As two significant career markers have just opened - an extensive exhibition at the Pérez Art Museum Miami and Ebony’s fourth solo show at Monique Meloche Gallery - I cannot help but think about the command that she brings to her current productions. New works continue to include meticulously staged photographs of black and brown bodies that are turned into printed tapestries by a commercial weaver, but they have become almost entirely undone by acts of dismemberment and adornment. The cropping and cutting of figures has deposited arms and legs across the lush landscape. Headless matriarchs bend to search for missing children, their own bodies festooned with strands of ribbon and glass pearls, the same items that map the contours of specific flora. Bling attracts, watchful birds perch, and colorful vines cascade over the topography like uncontrollable tears.
Ebony’s titles are apt, using the refrain “for those who bear/bare witness” in combination with beginning lines including, “they couldn’t unsee,” “they wondered what to do,” and “she saw things she shouldn’t have,” among others. These are like hashtags that speak of a steady stream of horrible acts and subsequent traumas. The artist will not look away and insists that we don’t either.
As I write this last line, my mind wanders to Leon Golub, my mentor and a native son of
Chicago. His intelligent anger as artist/activist produced numerous works that pictured brutalized bodies that were the result of officially sanctioned violence and various abuses of power. In the mid-1980s, Golub’s unstretched canvases were animated by sedentary black men who regard each other and us with suspicious stares. A few paintings in this period are titled Threnody, and depict standing women performing songs or poems of mourning. His two series, We Can Disappear You and This Could Be You, both made in the aftermath of 9/11, collapse the space between observer and potential victim.

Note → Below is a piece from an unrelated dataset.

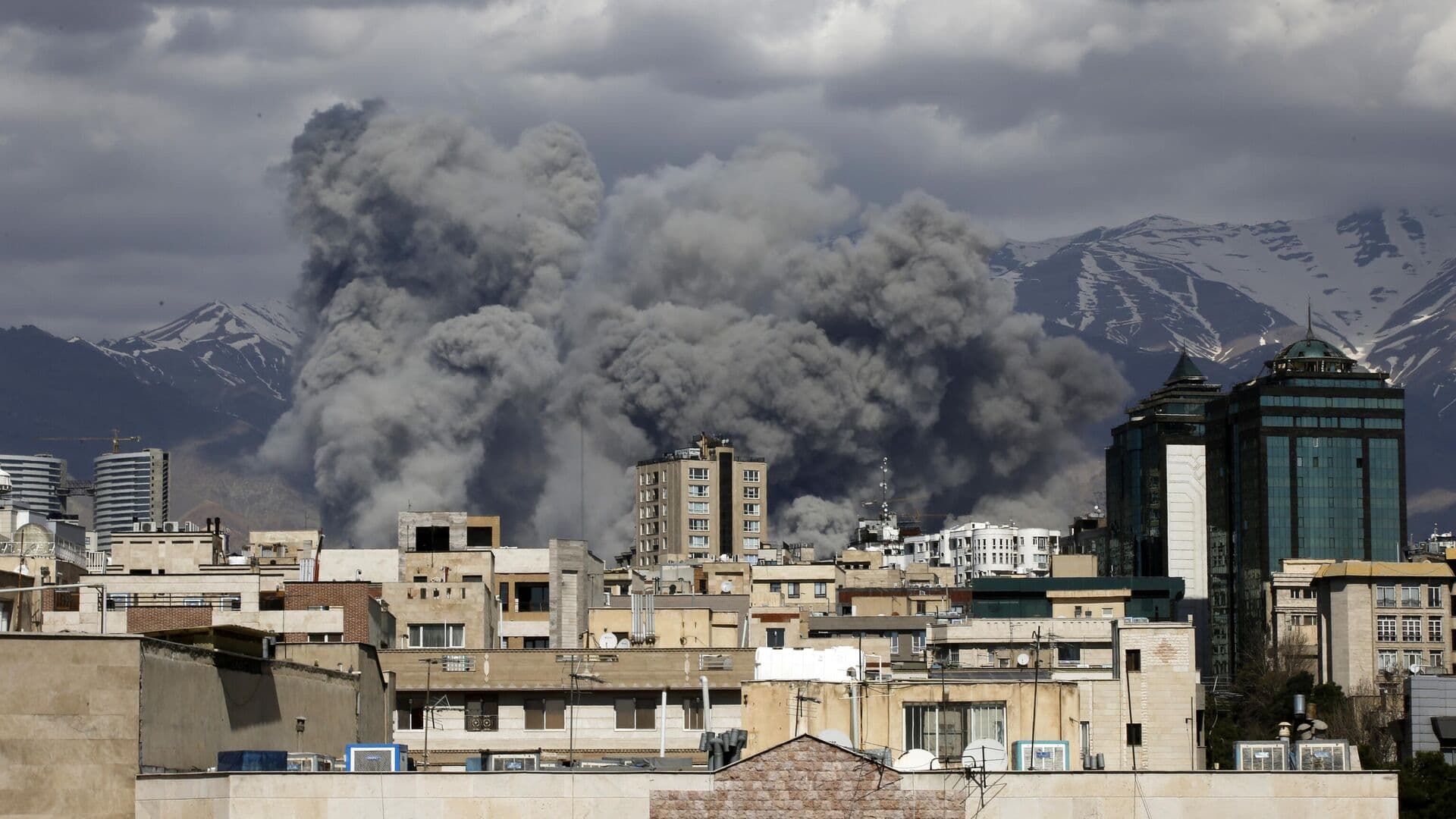 США и Израиль ударили по больнице в центре Тегерана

These conditions can be found in abundance in Ebony G. Patterson’s meditations on disenfranchised communities and vulnerable citizens, be it in her native Jamaica or locations around the globe. Her elaborate works speak to the significance of witnessing and the condemnation of brutalities both large and small. In her gardens, beauty and hope mingle with uncertainty and decay, and we must find an empathetic space in which to stand.